Since the release of the Draft Supplemental EIS/OEIS on Dec. 11, 2020, and completion of the Northern Edge 2021 exercise, the Navy recognized that the size and shape of the Gulf of Alaska Temporary Maritime Activities Area no longer provides sufficient space for the realistic maneuvering of vessels and aircraft during training exercises. Changes to the Study Area include additional airspace and sea space to the west and south of the Temporary Maritime Activities Area. The additional area is referred to as the Western Maneuver Area and adds approximately 185,806 square nautical miles to the Study Area. This additional space enables Navy personnel and units to practice more realistic, complex training scenarios in a safer, more efficient manner that will better prepare them to respond to real-world incidents.

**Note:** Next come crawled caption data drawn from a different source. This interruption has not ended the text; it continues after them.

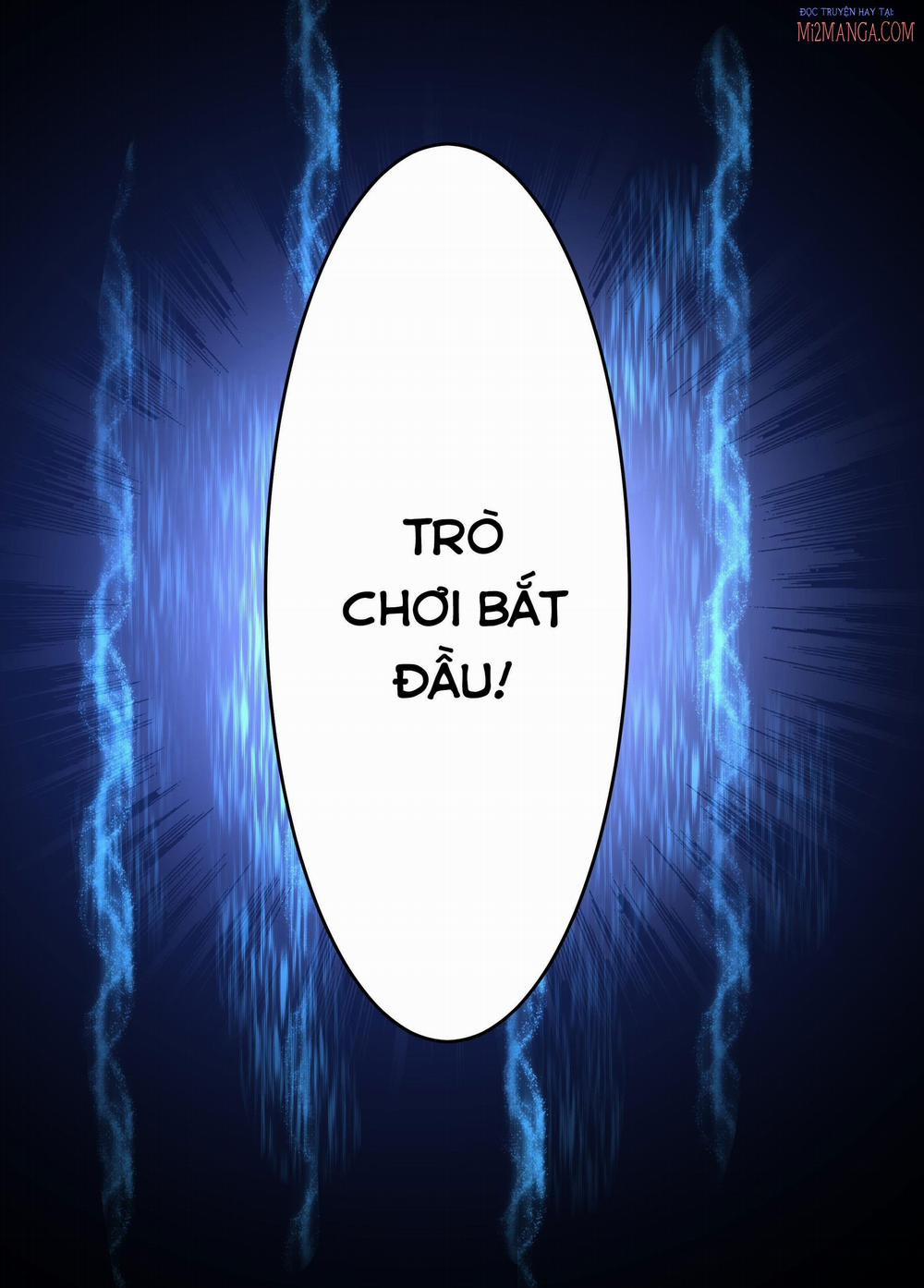 Lý Do Nhất Định Phải Sống Sót 4 trang 11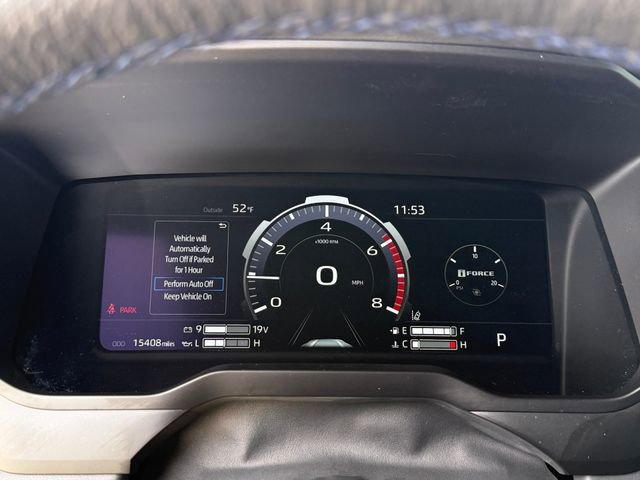 Used 2024 Toyota Tundra Platinum image 17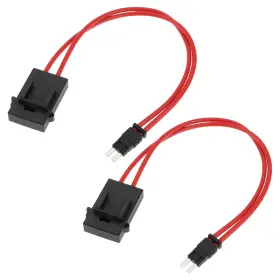 645-VH BE YOUR MIND Micro Fuse Holder Extension Wire Car Modi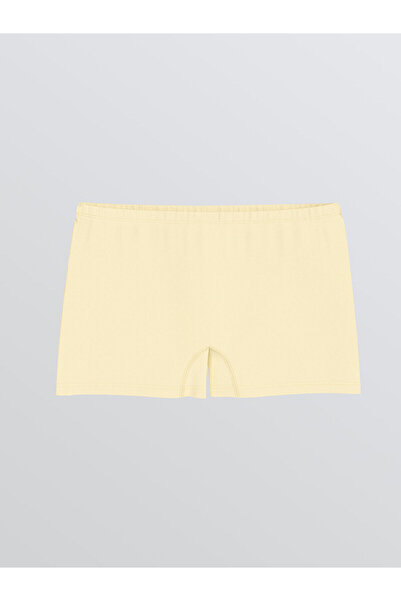 LC Waikiki Ozmarka New Season Girls' Boxer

The Temporary Maritime Activities Area remains unchanged and any activities involving active sound navigation and ranging, known as sonar, or explosives will, as in the past, occur in this area only. The Navy did not propose new or increased number of training activities in the Western Maneuver Area, only an expansion of the area the Navy uses for vessel and aircraft maneuvering purposes during exercises.
The activities conducted in the Western Maneuver Area are limited to vessel movements and aircraft training, and several events associated with these movements. The number of vessels, aircraft, underway steaming hours, events, and flight times remains the same. While the revised Study Area is larger, the type and number of training events have not changed. The vast majority of training activities still occur only in the Temporary Maritime Activities Area.
The Study Area is the ideal location for realistic at-sea training because of its proximity to a large contingent of Air Force and Army land training areas and airspace, as well as personnel, resources, equipment, and infrastructure in Alaska. The Gulf of Alaska Study Area provides the vast space needed to maximize the realism of the exercises.
Training activities are conducted far enough offshore of coastal areas to reduce impacts on Alaska Native subsistence activities, commercial fishing, and recreational fishing. The area avoids many sensitive resources of the coastal regions with no overlap of salmon and herring management areas, partial overlap with groundfish and halibut management areas, and minimal overlap with shellfish management areas.